Shutter lag
The point-and-shoot cameras are great, that is, as long as the subject of the photo is not moving very fast.
The compact digital camera can take so long to react after you snap the shutter release button that the moment has passed and the desired image is never captured.
The problem is called shutter lag.
But avoiding it, or minimizing it in the next camera you buy — well, that is a tricky problem.And the problem is, camera makers do not want to tell consumers too much about that.
It is just that shutter lag is too difficult a concept to communicate in ads or marketing materials in stores;it still is much easier to sell consumers on a camera’s price, style, color, image-stabilization abilities, wireless ability or even its many preset shooting modes like fireworks, underwater or dining.
The first problem is that shutter lag is not really shutter lag at all, but processor lag:when the photographer begins to push down the button to snap the picture, sensors in the camera begin to take a series of measurements.Then the image is captured on the processor and sent into memory.
The specifications surrounding lag are not standardized and can be interpreted in various ways. Indeed, there is not even one standard. For instance, one might measure shutter lag in auto focus and another with manual focus, which will be much less.
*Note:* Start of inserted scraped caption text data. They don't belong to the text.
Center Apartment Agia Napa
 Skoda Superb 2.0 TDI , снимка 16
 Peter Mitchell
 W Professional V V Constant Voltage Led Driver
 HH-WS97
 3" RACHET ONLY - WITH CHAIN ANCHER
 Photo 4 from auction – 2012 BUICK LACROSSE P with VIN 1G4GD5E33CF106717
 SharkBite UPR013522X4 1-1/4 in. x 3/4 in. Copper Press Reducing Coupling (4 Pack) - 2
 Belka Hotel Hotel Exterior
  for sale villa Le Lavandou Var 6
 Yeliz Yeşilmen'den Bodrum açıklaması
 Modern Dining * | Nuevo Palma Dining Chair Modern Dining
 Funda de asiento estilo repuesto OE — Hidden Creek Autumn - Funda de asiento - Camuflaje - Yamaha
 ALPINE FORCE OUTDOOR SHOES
The shutter-lag problem is not true of all digital cameras. The digital single-lens-reflex (S.L.R.) cameras do not have a problem with shutter lag.
Photographers offer a few tips on capturing action shots with point-and-shoot cameras:
1.If you can anticipate a shot then push the shutter-release button down halfway. Priming the auto-focus gets the process started early. When you push the button down all the way, the camera can process the information more quickly.
2.Another trick is to point the camera to where the action will occur, push halfway, and when the action occurs, push it all the way. That means you do not follow the subject, you follow the event. In other words, if you are tracking a downhill skier slaloming through a series of flags, aim at the flags, not the skier.
3.Camera makers also suggested using the burst mode, which quick-fires a series of photos. Shoot the first one in advance of the event and then you probably will capture the significant moment.